On Jun 16, 2010, at 9:05 AM, David E. Wheeler wrote:
> On Jun 16, 2010, at 2:34 AM, Michael Ludwig wrote:
>
>> Try passing the parser options as a hash reference:
>>
>> my $doc = $parser->parse_html_string($str, {encoding => 'utf-8'});
>
> WTF! That fixes it! I don't understand why it seems to be ignoring the
> encoding set in the constructor. But I've noticed the same thing with other
> options. Seems like there's some consistency to be worked out in XML::LibXML
> options, still.
Okay, a bit more information: this was not quite it, alas.
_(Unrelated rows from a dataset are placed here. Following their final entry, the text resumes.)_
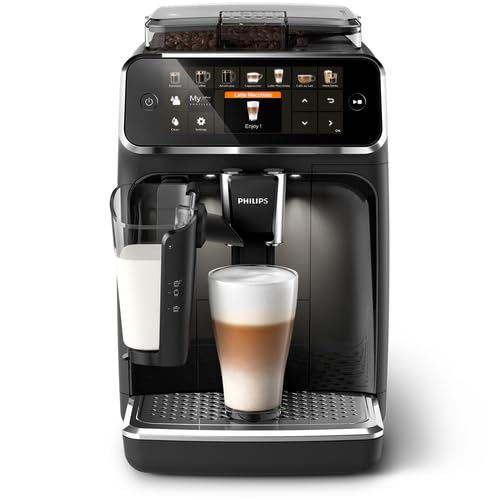 Philips Kaffeevollautomat der Serie 5400 – Espressomaschine für 12 Getränke, schnell reinigendes LatteGo System, intuitives TFT-Display, anpassbare Kaffeeeinstellungen (EP5441/50)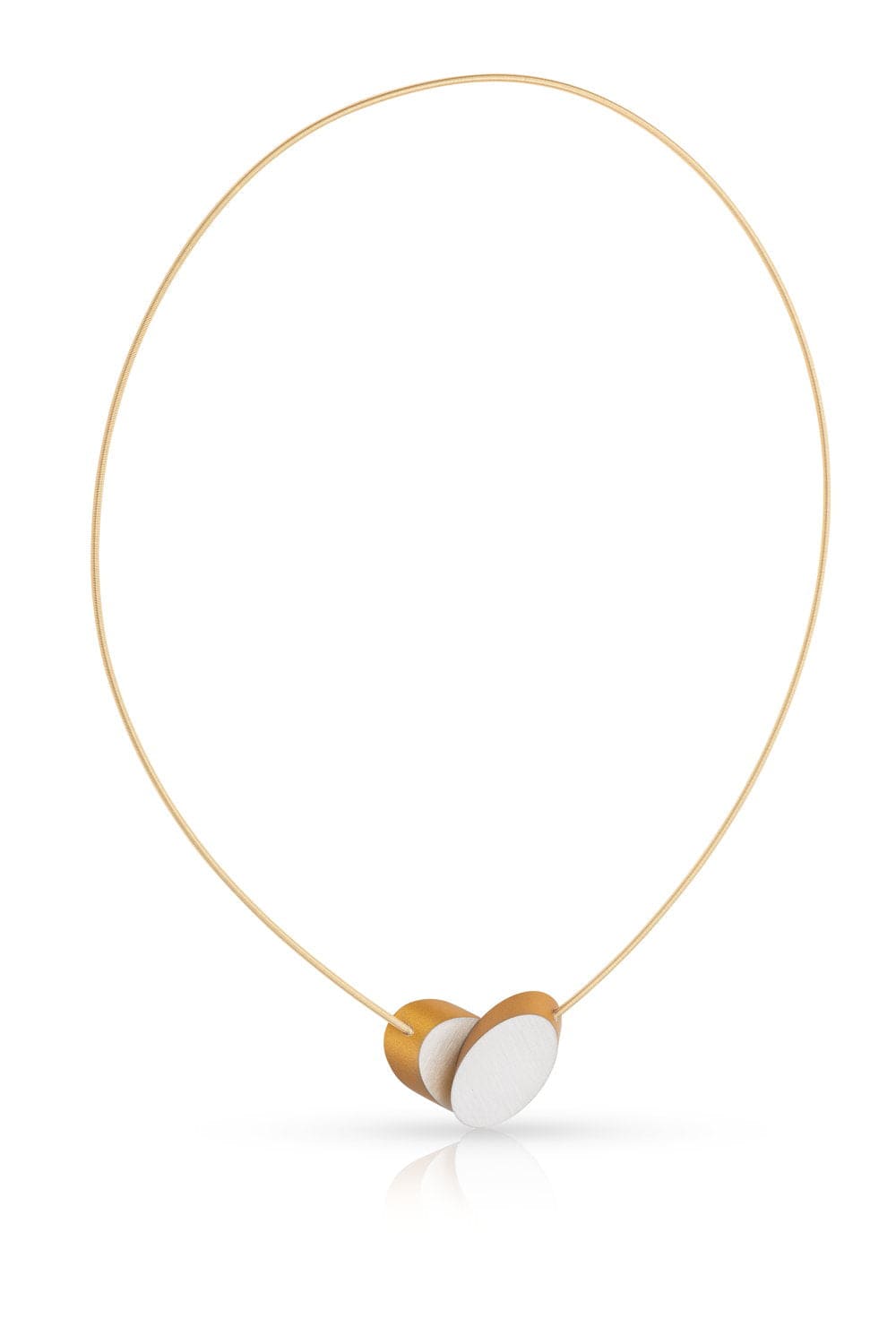 Clic Ovaaltjes op Elkaar Collier 42cm edelstaal - C244G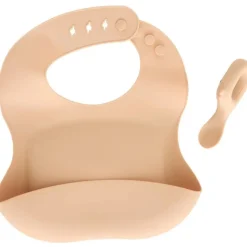 Set bavoir et cuillère yum - beige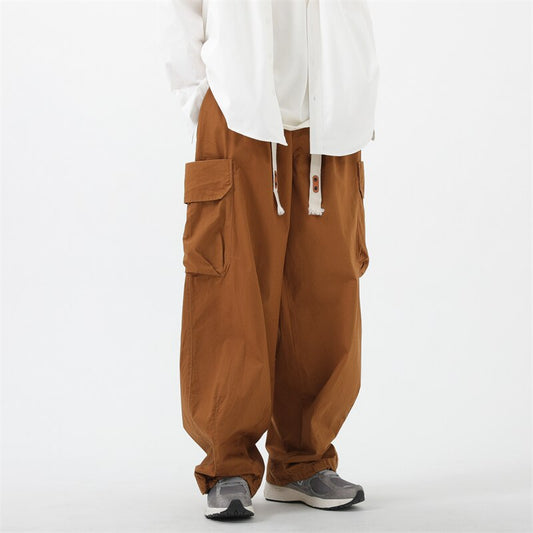 sanyamk Mens Casual Vintage Cargo Pants Autumn New Big Pocket Oversized Straight Pants Neutral Drawstring Work Trousers Joggers Male 2XL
>> In order to print Unicode text strings (as opposed to octet strings)
>> correctly to a terminal (UTF-8 or not), add the following line before
>> the first output:
>>
>> binmode STDOUT, ':utf8';
>>
>> But note that STDOUT is global.
>
> Yes, I do this all the time. Surprisingly, I don't get warnings for this
> script, even though it is outputting multibyte characters.
This is key. If I set the binmode on STDOUT to :utf8, the bogus characters
print out bogus. If I set it to :raw, they come out right after processing by
both Encode and XML::LibXML (I'm assuming they're interpreted as latin-1).
So my question is this: Why isn't Encode dying when it runs into these
characters? They're not valid utf-8, AFAICT. Are they somehow valid utf8 (that
is, valid in Perl's internal format)? Why would they be?
I think what I need is some code to strip non-utf8 characters from a string --
even if that string has the utf8 bit switched on. I thought that Encode would
do that for me, but in this case apparently not. Anyone got an example?
Thanks,
David